*** Opening of PROVIDED DATA ***

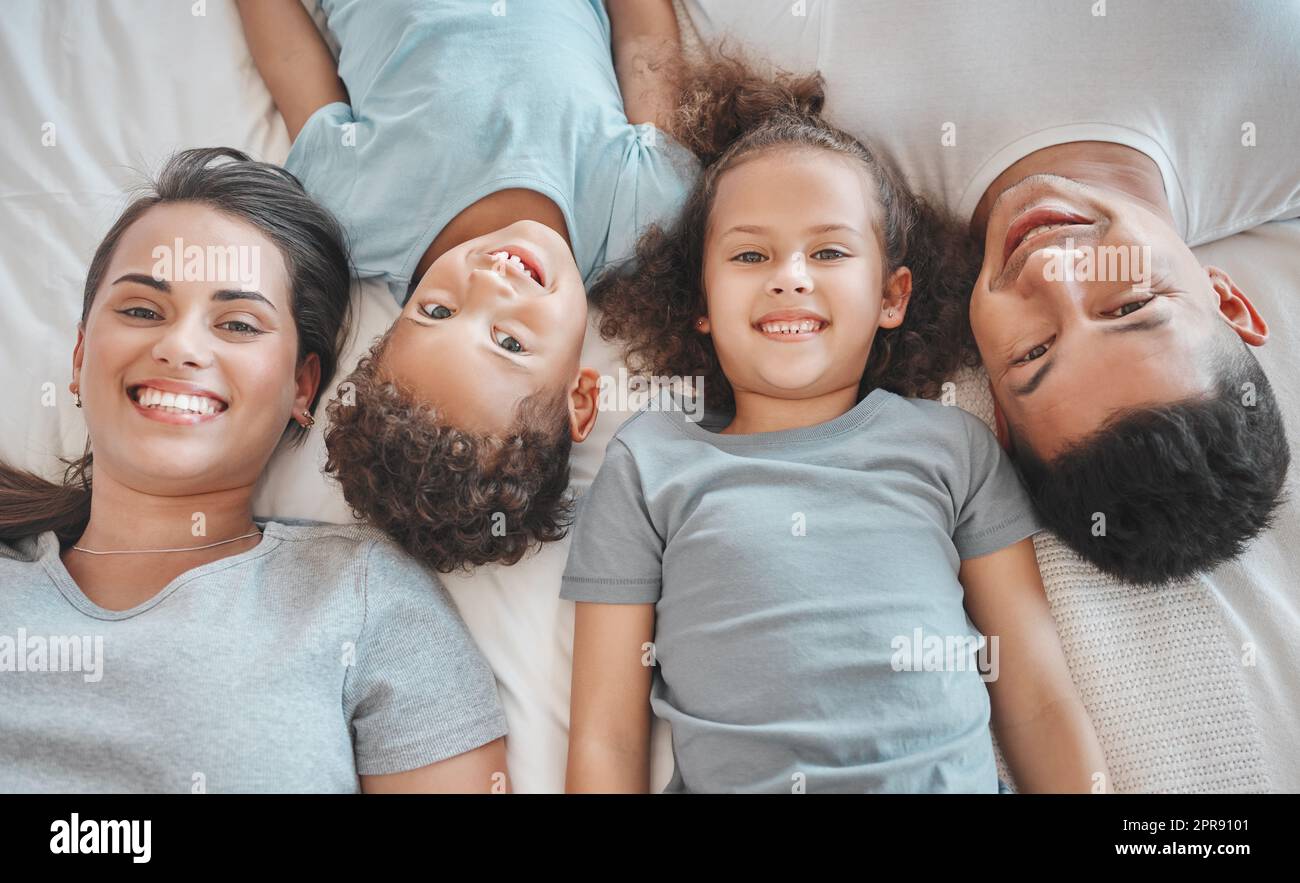 Can you see us better. a young family spending time together at home. Stock Photo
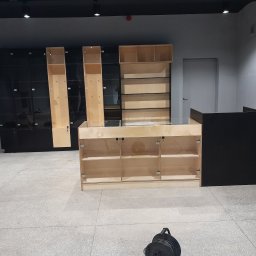 Netkam Anna Suszka - Wnętrze sklepu w trakcie montażu: widoczne regały z jasnego drewna z przeszklonymi frontami, czarne szafki z połyskiem w tle, narzędzia w czerwonym pojemniku i zwinięty przedłużacz na podłodze.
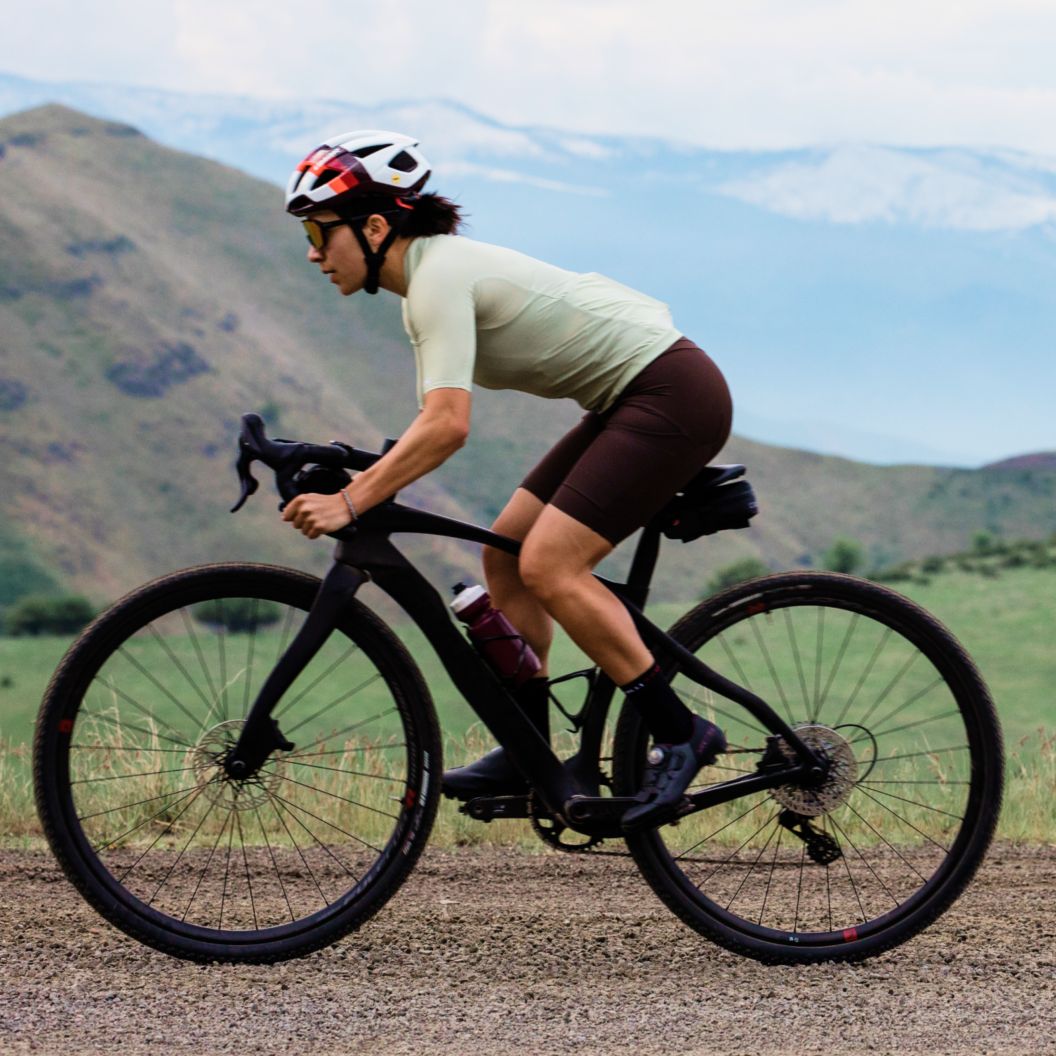 A rider on a Pinarello Grevil pedals a flat groad with snow-capped mountains in the background.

*** Close of PROVIDED DATA ***

- **REQUIRED WORK**: In your copy of the material, every word must match and no image should appear.

- **RESULT OF THE TASK**:
 Can you see us better. a young family spending time together at home. Stock Photo
 Netkam Anna Suszka - Wnętrze sklepu w trakcie montażu: widoczne regały z jasnego drewna z przeszklonymi frontami, czarne szafki z połyskiem w tle, narzędzia w czerwonym pojemniku i zwinięty przedłużacz na podłodze.
 A rider on a Pinarello Grevil pedals a flat groad with snow-capped mountains in the background.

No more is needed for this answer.